I have a path behind my cliffs where it alternates between the stone and curved stone(?) paths. They always walk behind there and it's quite a way to reach it.


----------



## Fye (Oct 3, 2020)

Pyoopi said:


> Both? Well, it's always a custom path on top of a default path (getting those two confused, lol)


oh yeah I should have clarified - I was thinking of the custom paths that go directly on top of plain grass. Like stone paths or wooden planks (image not mine)






Pyoopi said:


> I have a path behind my cliffs where it alternates between the stone and curved stone(?) paths. They always walk behind there and it's quite a way to reach it.


ok perfect then its only a matter of time before my villagers discover my farm. I'm waiting to take cute pumpkin pictures with them


----------



## faerie (Oct 3, 2020)

Yes I've noticed this as well. They seem to follow the default paths, but ignore custom paths in my town.


----------



## ranch (Oct 3, 2020)

mine tend to follow my custom paths too (to a point, anyway). then again there used to be default paths in those places, and my paths mostly just sort of sprang up naturally based on the easiest ways to get around the island, so it's hard to say if the villagers are walking specifically on the custom paths, or if they're just taking that route because it's the most convenient...


----------



## Wookaru (Oct 3, 2020)

I've always been curious if villagers follow custom paths on grass or not.

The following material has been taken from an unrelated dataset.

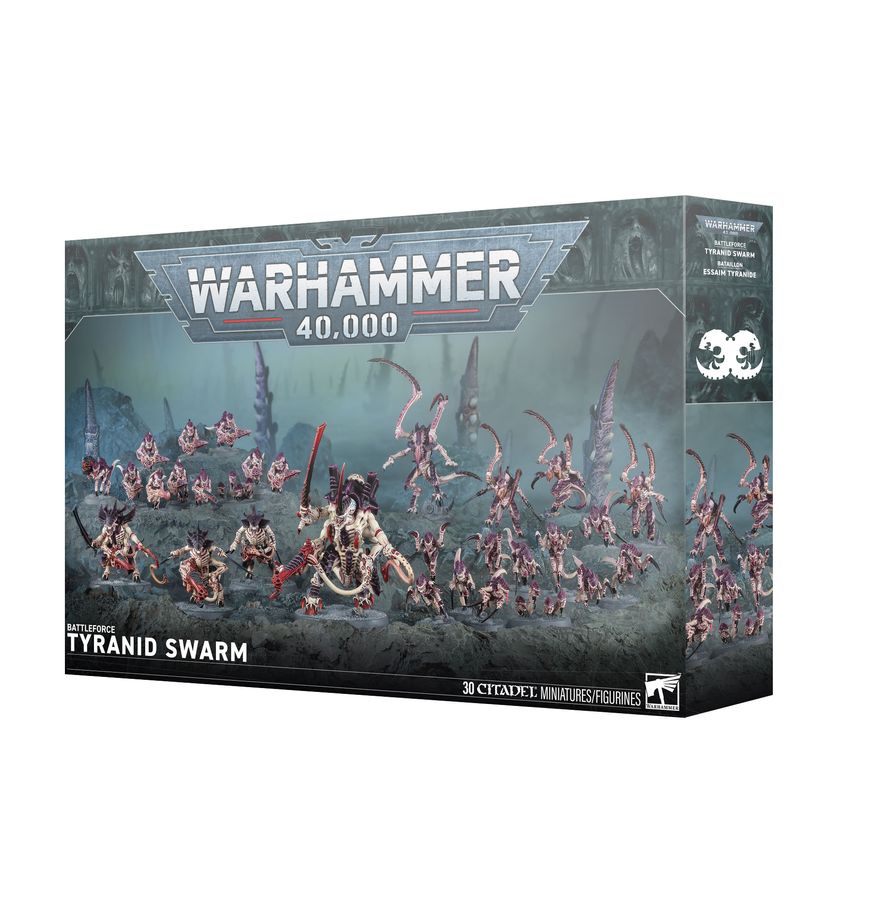 Warhammer 40k: Tyranids - Battleforce - Tyranid Swarm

I haven't been able to come to a definitive conclusion but thinking no. There have been times they wander onto a custom path and then wander off of it, so its just their normal excursions off the default pathways. I definitely see them following my default paths though so thinking custom paths are iffy at best. Guess that makes sense though as it might be problematic if they programmed the villagers to treat custom designs as default paths. A lot of custom designs aren't meant to be paths at all.


----------



## Fye (Oct 3, 2020)

faerie said:


> They seem to follow the default paths, but ignore custom paths in my town.





ranch said:


> then again there used to be default paths in those places, and my paths mostly just sort of sprang up naturally based on the easiest ways to get around the island, so it's hard to say if the villagers are walking specifically on the custom paths, or if they're just taking that route because it's the most convenient...





Wookaru said:


> There have been times they wander onto a custom path and then wander off of it, so its just their normal excursions off the default pathways. I definitely see them following my default paths though so thinking custom paths are iffy at best.

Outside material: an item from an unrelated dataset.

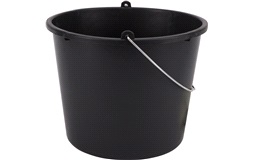 Vaskebøtte med metallhåndtak 12L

seems like they really do stick to default paths. it makes complete sense but I wish there was a way to make a grass path that functions as a path but looks like the default grass in the game


----------



## CrankyCupcake (Oct 3, 2020)

For the most part, my residents tend to walk along default paths. 

But the game also allows them to be anywhere, it's always a possibility, that's why I find them in "impossible" places on occasion. For instance, I have an area (that has no path of any sort) that's inaccessible unless you use a ladder or vaulting pole. My residents somehow find their way there.  I believe it's just RNG luck where the game decides to put them every day, default path or otherwise.


----------



## eko (Oct 4, 2020)

there are decorations/trees/bushes/etc tightly wrapped around most of the custom paths in my island so they don't really have a choice to follow it haha. however they seem to spend the majority of their time on the beach (there was 3 villagers all in one spot the other day!) despite that there's no paths


----------



## KittenNoir (Oct 4, 2020)

My islanders follow my paths but I only think they do because I have bushes and flowers that line up along side the path


----------



## Pyoopi (Oct 4, 2020)

I think the only way you could fake it with just the custom path is to have two nearby default paths near each other. I unfortunately didn't take a screenshot of this area and then I got rid of the custom design but I will MSPaint it for you, lol.

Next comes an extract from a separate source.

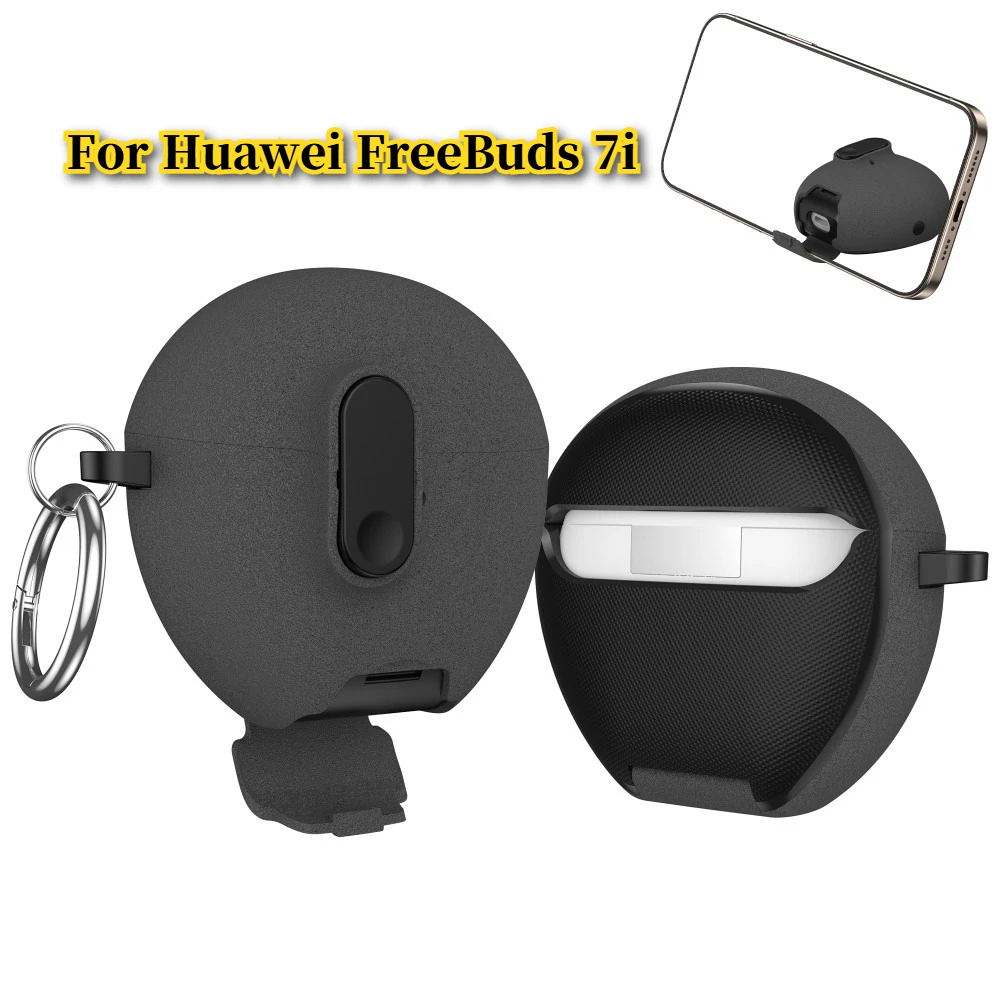 2026 New For Huawei FreeBuds 7i Case With Phone Stand Earpho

The green is the custom path. They would use it but I think it was just because it was sandwiched between two default paths.


----------



## Agaphea23 (Oct 4, 2020)

That probably explains why my villagers never go to certain places on my island where there are only custom paths down like the park [unless they live there so they have no choice].  So If i got rid of the custom paths so there is only grass would they still go there or would I need to tempt them with default paths after all?


----------



## Wookaru (Oct 4, 2020)

DoeReMi said:


> seems like they really do stick to default paths. it makes complete sense but I wish there was a way to make a grass path that functions as a path but looks like the default grass in the game



I'm totally with you there. This is now on my 'quality of life features I wish we had but will likely never get list'.


----------



## Fye (Oct 4, 2020)

CrankyCupcake said:


> I believe it's just RNG luck where the game decides to put them every day, default path or otherwise.


That's true, I used to hear about this a lot back in March when a lot of people couldn't access their cliffs yet but their villagers somehow could. I hope at least one of my villagers gets randomly plopped in my farm area before fall ends




eko said:


> there are decorations/trees/bushes/etc tightly wrapped around most of the custom paths in my island so they don't really have a choice to follow it haha.





KittenNoir said:


> My islanders follow my paths but I only think they do because I have bushes and flowers that line up along side the path


I think they also tend to flock towards flowers in general because my campsite area is under construction so I haven't put down a park leading there yet, but I found Fauna watering the flowers there the other day




Pyoopi said:


> I think the only way you could fake it with just the custom path is to have two nearby default paths near each other.


I accidentally did this with my sidewalks when I first unlocked paths and it worked




Agaphea23 said:


> So If i got rid of the custom paths so there is only grass would they still go there or would I need to tempt them with default paths after all?


I believe plain grass has the same effect on their movement that custom paths does, so theres no need to remove the custom paths. But if you could put default paths under the custom ones that would help

	Post automatically merged: Oct 4, 2020



Wookaru said:


> This is now on my 'quality of life features I wish we had but will likely never get list'.


Same here. It would be a great feature but there's not really any need for them to bring it into the game


----------